3-students take courses. Someone design this table: Student_Course (student name, ID , SSN , course number, grade, home address, course credit ) Description: ID, SSN; each one has a unique value for a given student. Given ID and course number we can get grade. Given SSN and course number we can get grade. Given ID we can get everything except grade and course credit. Given SSN we can get everything except grade and course credit. Given course number we can get course credit. Student name can be first and last name We need to be able to get detail of home address such as city, state and zip Each step may require multiple actions. a. Identify primary key. b. Is this table in 1st NF? If not convert it into 1st NF. c. Is the table in a in 2nd NF? If not convert it to be in 2nd NF. d. Is the table in b in 3rd NF? If not convert it to be in 3rd NF. e. Is the table in c in BCNF? If not convert it to be in BCNF.
A) The FD's possible are :
ID, CourseNumber -> Garde
SSN ,CourseNumber -> Grade
ID -> studentName, SSN, CourseNumber, homeaddress
SSN -> studentName, SSN, courseNumber, homeaddress
CourseNumber -> credit
The primary key for the relation is (ID, CourseNumber) (SSN, CourseNumber)
B) The given relation is in 1NF since it doesn't contain any Multivalued attribute.

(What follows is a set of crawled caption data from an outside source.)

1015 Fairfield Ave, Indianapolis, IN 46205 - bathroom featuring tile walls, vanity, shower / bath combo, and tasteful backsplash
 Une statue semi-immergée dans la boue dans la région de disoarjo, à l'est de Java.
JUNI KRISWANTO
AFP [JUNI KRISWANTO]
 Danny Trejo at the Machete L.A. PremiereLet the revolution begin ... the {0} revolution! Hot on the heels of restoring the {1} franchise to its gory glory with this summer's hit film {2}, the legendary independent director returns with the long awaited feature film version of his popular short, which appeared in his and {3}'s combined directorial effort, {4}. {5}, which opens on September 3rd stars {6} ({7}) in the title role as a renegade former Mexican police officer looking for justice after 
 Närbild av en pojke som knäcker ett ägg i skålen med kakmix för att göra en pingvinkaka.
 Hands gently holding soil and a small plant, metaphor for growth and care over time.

C) Given relation not in 2NF since it contain partial FD.
So decompose it to form 2NF relation
R1:(ID, SSN, studentName, courseNumber, homeaddress)
R2:(courseNumber, credit)
To make decomposition lossless, we need to include primary key of R1 and attribute grade in one relation. Since R1 includes 2 primary key, include either one of them. Let's take ID to add in R3.
So R3:(ID, Grade)
Here in R1, student name can be further divided to First name and Last name.
While home address is divided as (city, state, zip)
So R1 =(ID, SSN, FirstName, LastName, CourseNumber, city, state, zip)
D) The decomposed relation R1, R2 and R3 is in 3NF.
E) The decomposed relation R1, R2 and R3 are in BCNF as well.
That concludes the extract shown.